Some 1.8 million deceased individuals are still listed as active voters and 2.75 million Americans are registered to vote in more than one state, according to the report. About 12 million voter registration records contain erroneous address information.
“Once duplicates among categories are eliminated, approximately 24 million registration records, or nearly 13 percent of the national total, are estimated to be inaccurate or no longer valid,” the report states.
The study also finds that 24 percent of the eligible U.S. voting-age population is not registered to vote, compared to just 9 percent of the eligible Canadian voting-age population.
According to Pew, members of the military and young voters are most susceptible to registration errors, given their propensity to move throughout the country or, in the case of the armed forces, to be deployed overseas.
Many voters are unaware of problems with the system. One in four assume that the U.S. Postal Service automatically updates their registration status when they move, although that is seldom, if ever, the case. Instead, voters who change residences within two years of an election are most likely to encounter registration problems.

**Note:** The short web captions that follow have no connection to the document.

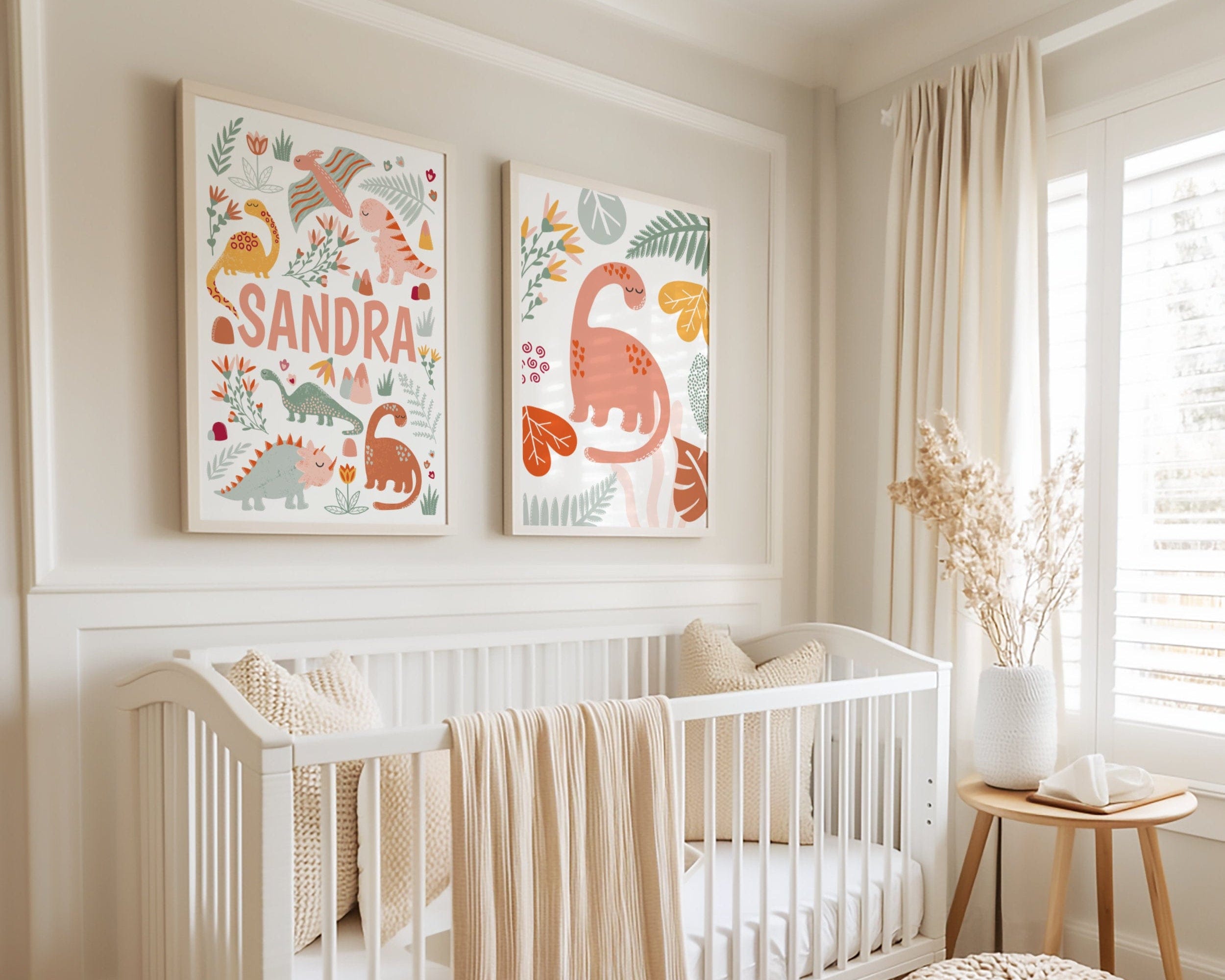Nursery room with a white crib, decorative pillows, and wall art featuring dinosaurs.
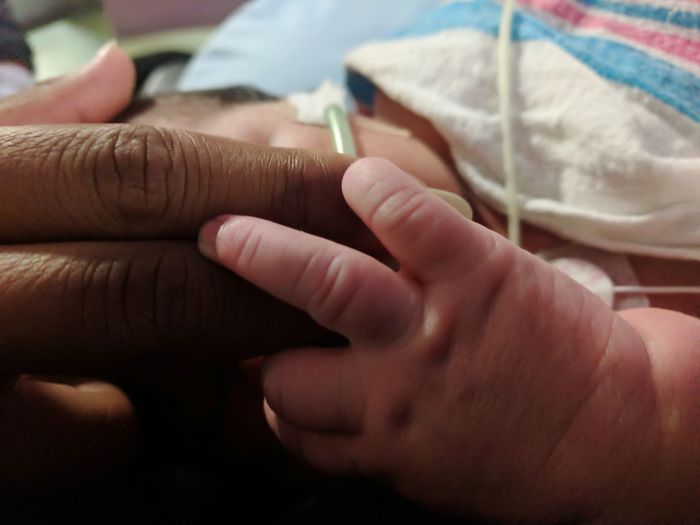 Close-up of baby and parents hand in hospital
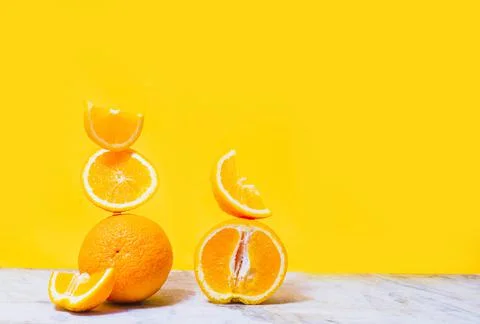 Balancing stack of fresh sliced oranges. Yellow background. Summer concept Stock Photos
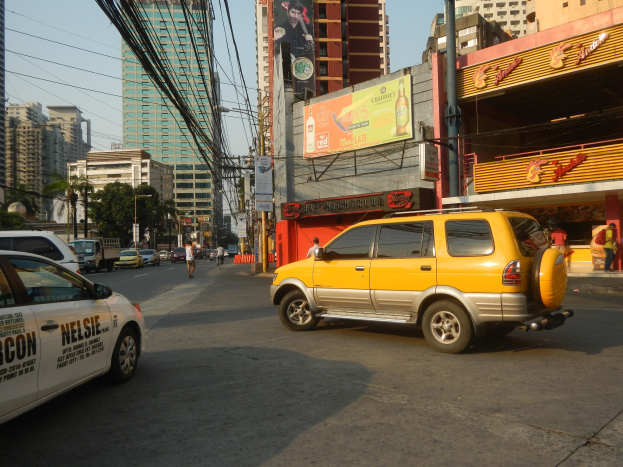 Ein gelbes Taxi fährt auf einer Stadtstraße mit hohen Gebäuden, Fußgängern auf dem Gehweg, Strommasten mit Drähten, Bäumen am Straßenrand und einem sichtbaren Himmel im Hintergrund.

In addition to widespread errors within voter registration systems, the report also finds the current processes inefficient and costly.
As governments look for cost-savings during tough economic times, the Pew report highlights Maricopa County, AZ, which saved taxpayers $1 million over five years by allowing voters to register online. Registering online cost the county 3 cents per voter, compared to 83 cents per voter that registered using paper forms.
In order to address deficiencies in the nation’s voter registration processes, the Pew study recommends that states compare registration lists with other data sources and use data security protocols to ensure accuracy. The report also calls for developing ways for voters to register electronically, in order to diminish error-prone manual entries and to reduce costs.